The police have rejected another application by protesters to hold a rally in Sheung Wan where police and protesters clashed last week.

The denial of permission amounts to a ban on the protests, a move the police have not taken over the past seven weeks of demonstrations. Protesters have pledged to come out to the streets despite the ban, escalating the prospect of clashes with police.

To get around the ban, protesters have called on Hong Kongers to come for a “full-gear shopping day” in Yuen Long, in which protesters would don their protective gear to go shopping.

Others have called for a mass round of Pokemon Go.
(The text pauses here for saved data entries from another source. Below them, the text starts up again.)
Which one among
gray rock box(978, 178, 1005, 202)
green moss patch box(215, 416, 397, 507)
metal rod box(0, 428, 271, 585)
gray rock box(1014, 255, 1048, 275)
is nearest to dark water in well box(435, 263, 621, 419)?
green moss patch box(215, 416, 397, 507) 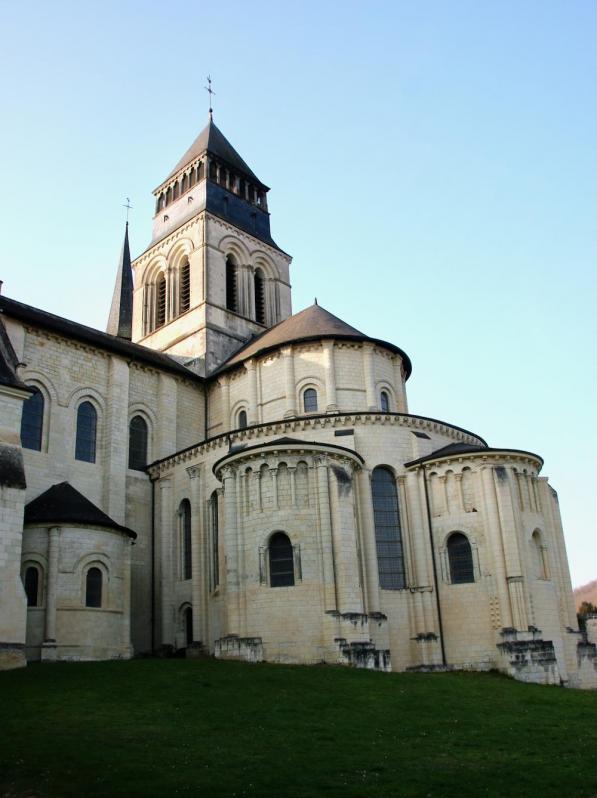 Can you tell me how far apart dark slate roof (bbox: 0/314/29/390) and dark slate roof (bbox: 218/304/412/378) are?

Some have sarcastically said they will be holding a memorial, which does not need police permission, for the late Chinese premier Li Peng, known as the “butcher of Beijing” for his role in the 1989 Tiananmen crackdown, who died this week.

On Friday, thousands of protesters staged an 11-hour sit in at the Hong Kong airport. A pilot for Cathay Pacific, a Hong Kong carrier, alerted passengers upon landing that there was a “very peaceful and orderly demonstration” taking place in the arrival hall.

Hong Kong Free Press
(@HongKongFP)

[Sound on] ‘Hongkongers add oil’: A Cathay Pacific pilot landing in Hong Kong from Japan on Friday reassured passengers about the anti-extradition law protests at the airport: https://t.co/ZBMxDApWoh #HongKong #NoToChinaExtradition #china #antiELAB pic.twitter.com/S74wK1GPJ7


July 27, 2019

The pilot said: “So don’t be scared by all these people wearing black shirts … and feel free to talk to them and know more about Hong Kong if you want to, and last but not least, Go Hong Kong!”